A snowball effect of registration on campus ensued.

Then, later on in the fall semester, the SGA received an email that informed them that they'd won.

Winning schools were chosen based on the number of new students registered and their social-media presence during the competition.

"It was an incredibly rewarding experience," Gadsey said. "I work as an intern for the Tennessee State Legislature, and it's very interesting to see how things take place as people vote, and they vote in the representatives that they believe will support them the best. People don't believe that state elections like the midterms in November are all that important, but they really are. It's really interesting to see how it works in person."

Every time that O'Guin left her office during the voter registration drive on campus, SGA students were hard at work.

"They were everywhere that week," O'Guin said. "They were awesome. We always hold a voter registration drive. SGA has done it for a while. They've just never done it as gung ho.

"It (voting) is a very, very important civic duty, and I want the students to understand that."

Over the course of the secretary of state's 2022 Tennessee College Voter Registration Competition, more than 1,000 students registered to vote during National Voter Registration Month in September.

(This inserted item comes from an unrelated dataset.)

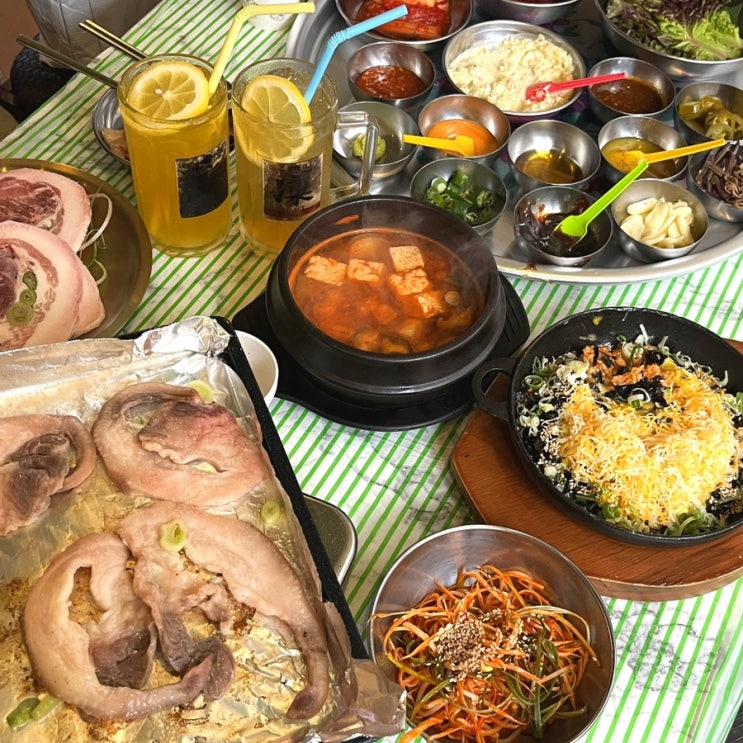  성수 핫플 술집 : 성수동 고기 맛집, 늘봄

"I believe that people registering to vote and actually going to exercise that right to vote is one of the core foundations of our form of government in how people get their say in what's done at the local, state and federal level," Tennessee Secretary of State Tre Hargett said. "The very first step in all that is getting registered. We want people to take that step."

The lowest rates of voter registration are among individuals between the ages of 18-25. With many of that demographic being found on college campuses, partnerships like the voter-registration-drive competition help increase the amount of registered voters across 37 universities in Tennessee.

"Getting more and more people to vote shapes how our communities work," Hargett said. "The bottom line is we're going to have elections whether people participate or not. We're all better off when more people are heard so that we can have a society that reflects the values of all of us."